What the exercise asks -
After locating the line with "Kingston HyperX FURY", repeat it and every following line to the end of the listing, exactly. Omit the pictures.

The input -

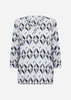 SC-FELICITY AOP 552 Bluse Blå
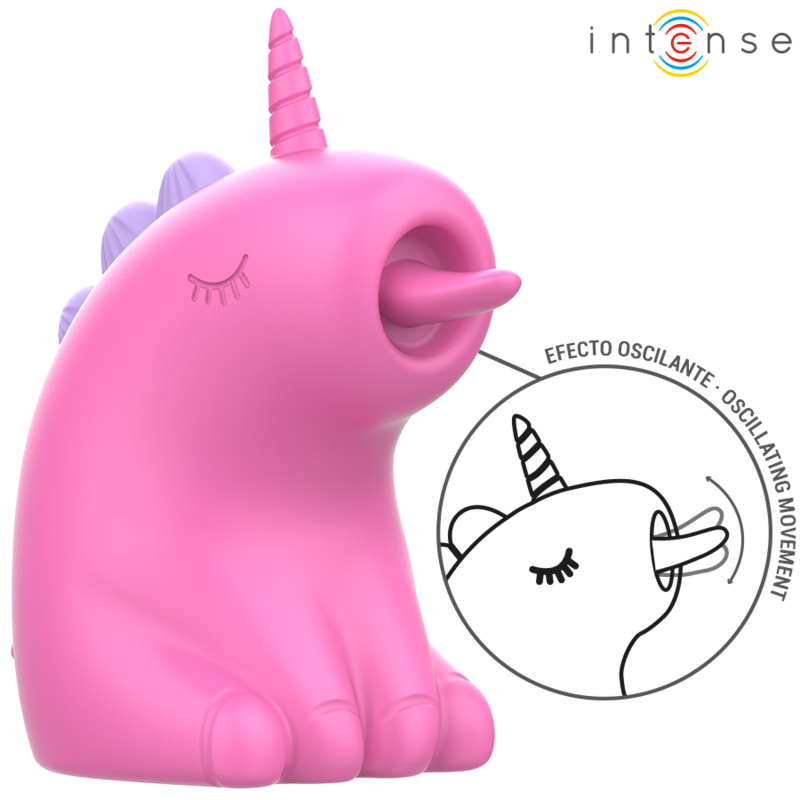 INTENSE - PINKIE STIMOLATORE LINGUALE ROTANTE A 360° - INTENSE FUN | Lingerie Harness Boutique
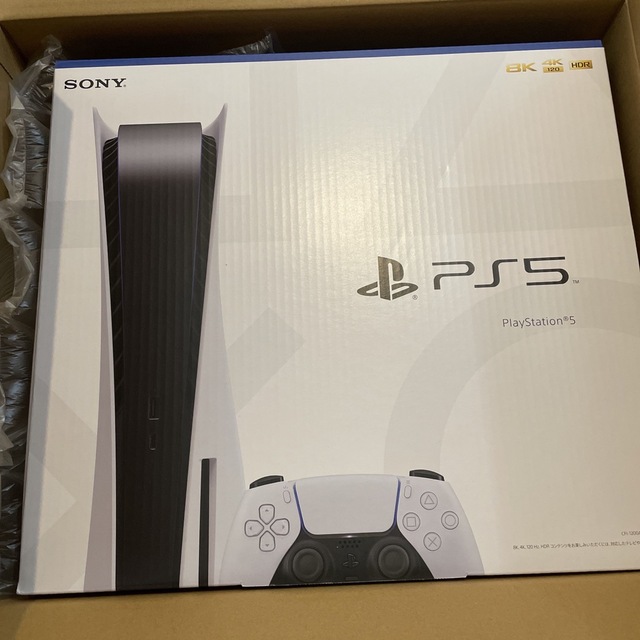 大特価!!】 【新品未使用】PlayStation5 本体 新型モデル CFI-1200A01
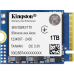 Твердотельный накопитель/ Kingston SSD NV3, 1000GB, M.2(22x30mm), NVMe, PCIe 4.0 x4, 3D TLC, R/W 6000/4000MB/s, TBW 320, DWPD 0.2 (60 мес)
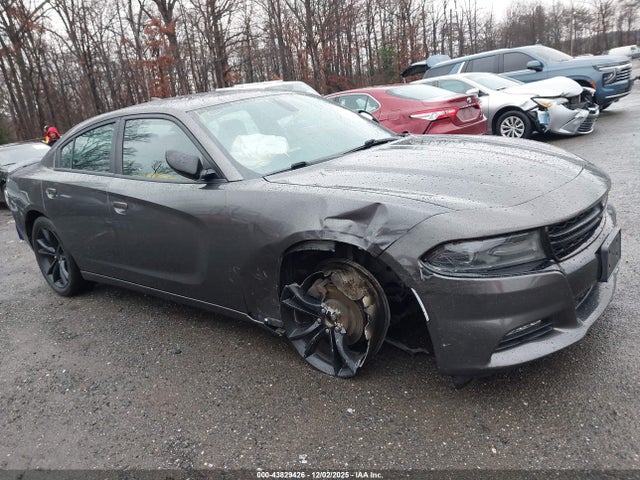 43829426 :رقم المزاد ، 2C3CDXHG5GH129860 vin ، 2016 Dodge Charger Sxt مزاد بيع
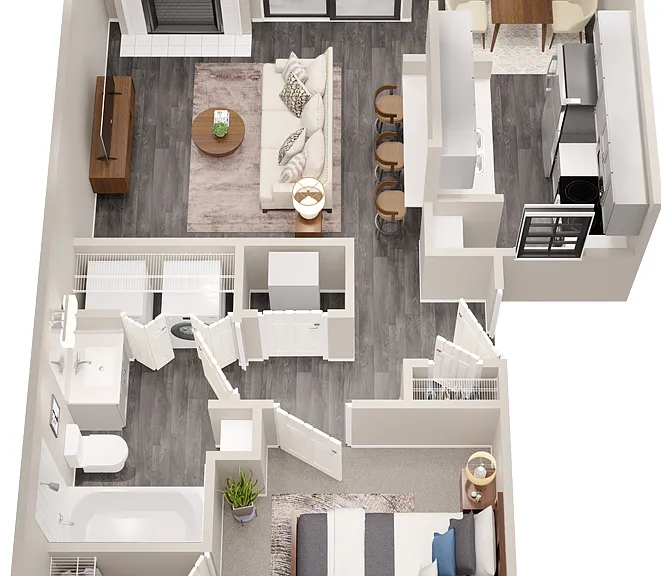 The Ridge on 161 Apartments — Photo 46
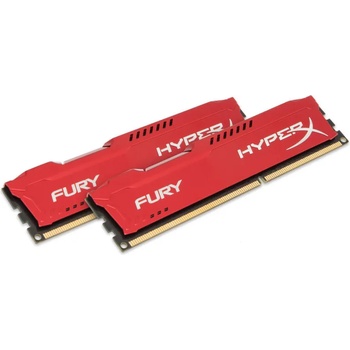 Kingston HyperX FURY 8GB (2x4GB) DDR3 1600MHz HX316C10FRK2/8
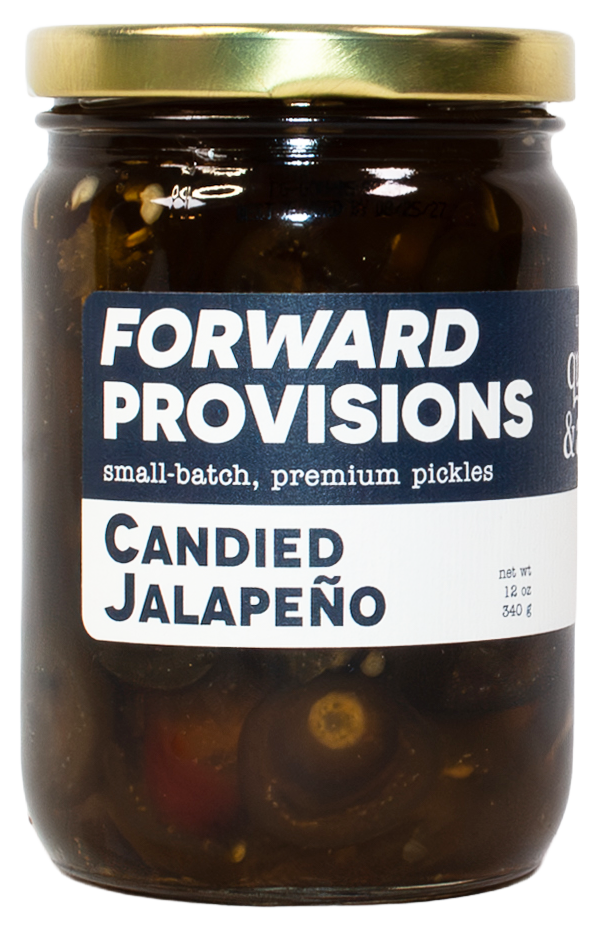 Candied Jalapenos-12 oz-12 per case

Response -
 Kingston HyperX FURY 8GB (2x4GB) DDR3 1600MHz HX316C10FRK2/8
 Candied Jalapenos-12 oz-12 per case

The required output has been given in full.